I am the House author of a bill in Minnesota that takes a rather modest step towards restricting access by our kids to extremely violent or sexually explicit video games. Sen. Sandy Pappas, a Democrat from St. Paul, has already passed this bill off the Senate floor. I hope to do the same in the Minnesota House in the next few weeks.
The bill is very simple and narrowly tailored. It provides that children under 17 cannot rent or buy video games that are rated "M" (for Mature) or "AO" (for Adults Only). If they attempt to do so, they are subject to a $25 fine. Our bill also requires each retailer of these games in Minnesota to post a clearly visible sign regarding this restriction.
My intent with this legislation is not to make criminals out of kids or to make money for the state $25 at a time. I suspect there will be little or none of that. I am hopeful, however, that the new law will catch the attention of at least a few of the painfully oblivious parents in our state who are paying absolutely no attention to some of the garbage their little kids are playing on their video game machines.
As I mentioned, I have two little boys at home. Our oldest is in second grade and I'm amazed at how many of his friends play "M" rated video games on a regular basis. I would like to believe that at least some of their parents would put a stop to that if only we could get their attention.
I have been working on other ways to get their attention with Dr. David Walsh and the Minneapolis-based National Institute on Media and the Family, which is probably the most respected organization in the country addressing the impact of the media on children and families. But I believe we also have to do something legislatively.
I assume you all know that we're not talking about the equivalent of an R-rated slasher movie. Many of these games are absolutely horrific. They allow kids to learn firsthand how to kill, torture, mutilate and rape in graphic detail and vivid reality. They don't watch someone else do it, they get to do it themselves, and in many of these games, the more violent, merciless and gruesome you are, the more points you score.
I could not leave here today without being certain that you all comprehend the nature of the violence in these games, so I brought with me brief descriptions of four popular M-rated games that are all readily available at any large retailer or video rental store in Minnesota.
Grand Theft Auto - This was the most popular video game in America last year. The player is a young man who is trying to gain the respect of street gangsters and other criminals. The more creative and brutal you are in killing innocent people, the more respect you gain and the more points you score. One example of a creative kill would be to beat someone to death with a bat until he drowns in his own blood and then when the ambulance arrives, you can kill the driver and use the ambulance to kill more people on the street. Another way to score points is to have sex with a prostitute, then if you beat her to death afterward and take your money back you score some bonus points.

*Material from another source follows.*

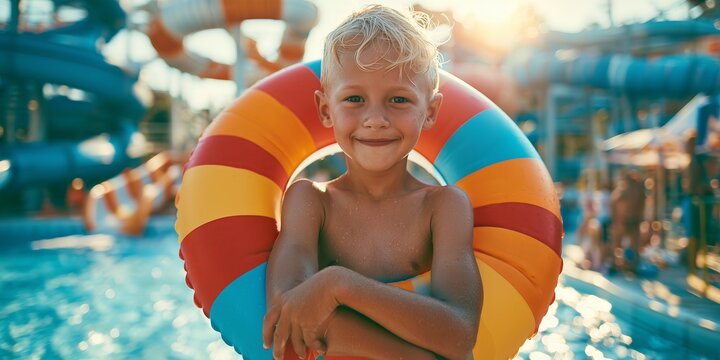 Cheerful child carries a colorful pool float near waterpark slides. Summer recreation and confident anticipation before active water play.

Clock Tower 3 - This is a survival horror game about a young girl who is being chased by murderers who are attempting to kill her and her family. In one scene, a little girl with pigtails is caught by her attacker who repeatedly smashes her head against a wall with a sledgehammer. Later you see her ghost covered in blood playing a piano while her father is impaled onto a fence. Another scene shows the killer gouging out a man's eyeballs then lowering the man's elderly mother into a vat of acid as she begs for mercy.

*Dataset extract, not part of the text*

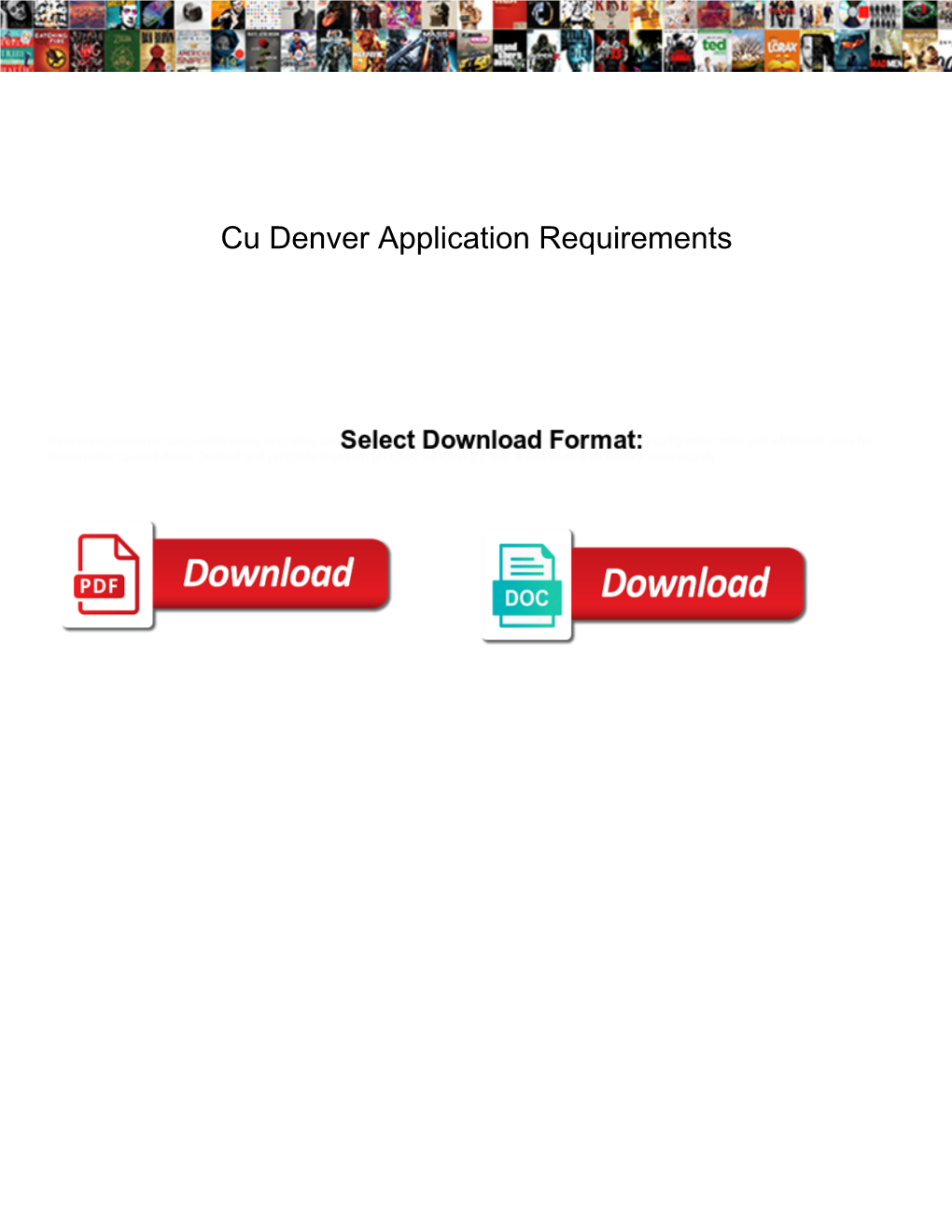 Cu Denver Application Requirements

Manhunt - In this game, the player is a mass murderer who sometimes wears a clown mask to disguise himself. You score points by, of course, killing people in creative and gruesome ways. For example, you can use piano wire to grab a man from behind and saw at his neck, pushing your foot up against his back until his head falls off. You can suffocate someone with a clear plastic bag. You can twist large shards of glass into someone's eyeballs or you can use a sickle to split open someone's stomach or stab a crowbar into the back of someone's head and pry it apart.

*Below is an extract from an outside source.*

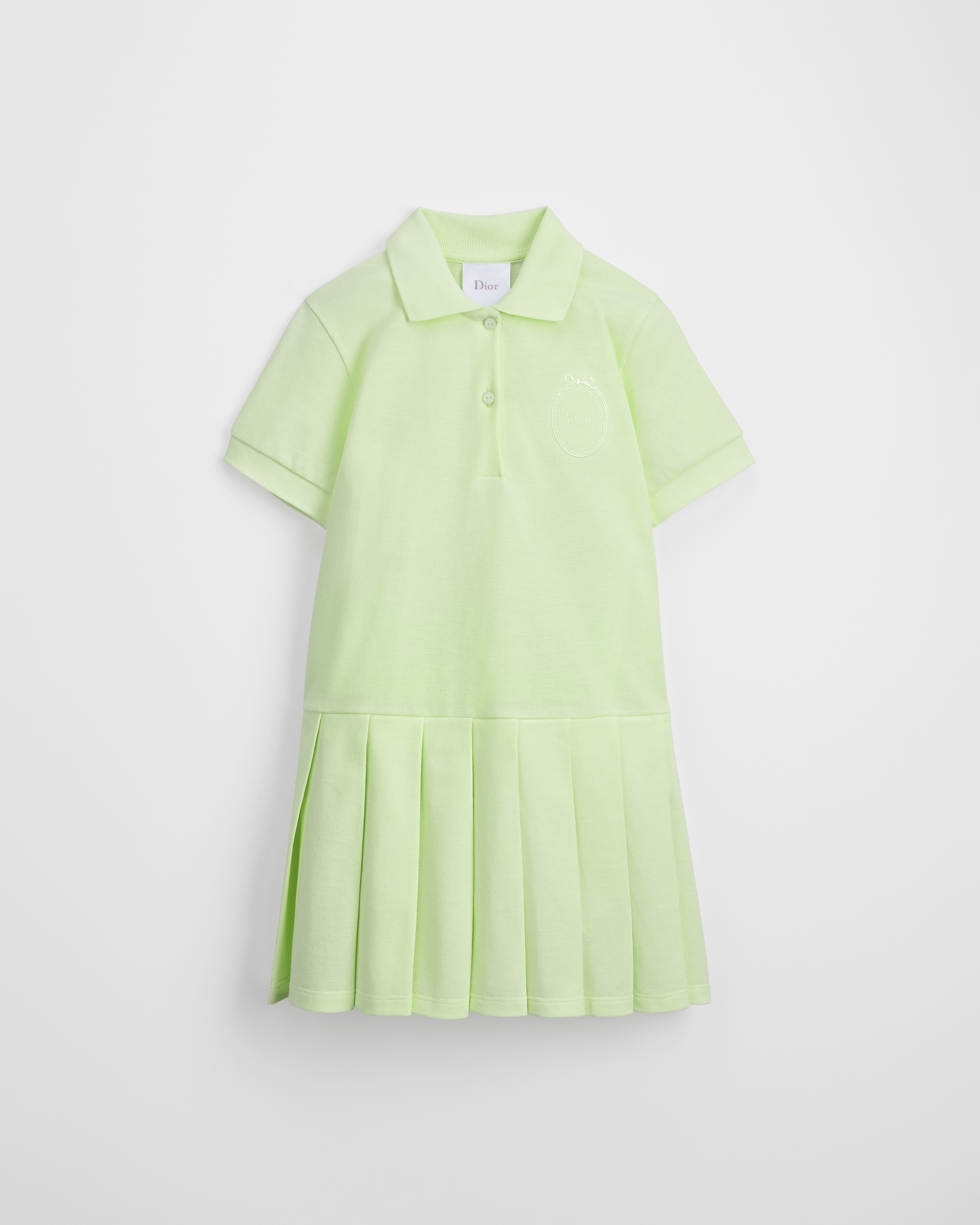 Tenniskleid für Kinder Baumwollpikee in Grün E01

Postal 2 - In this serial killer game, the player earns points by killing as many innocent people as possible. You can beat people to death or chop their heads off with a shovel (and play soccer with their severed heads). You can kill them with a sledgehammer, a sickle or any other number of weapons. You pile up the bloody bodies on the screen to score more points. You get extra points if you are able to urinate in a victim's mouth before you kill him or her. And you can even open fire on a gay pride march, a minority community celebration and a parade of police officers.
I don't enjoy reading these descriptions. They literally make me sick to my stomach, especially knowing that little kids all over the state of Minnesota are playing these games. We need to do something about it.
In our Minnesota bill, we have crafted very narrow language in order to address the constitutional concerns that exist about content-based restrictions of speech. We are not restricting adults or parents in any way. If a parent is comfortable with their child playing adult video games, we don't interfere with that. We don't restrict the ability of kids to play these games. If they have them, they can play them. We are simply seeking to stop children under 17 from themselves renting or buying adult video games.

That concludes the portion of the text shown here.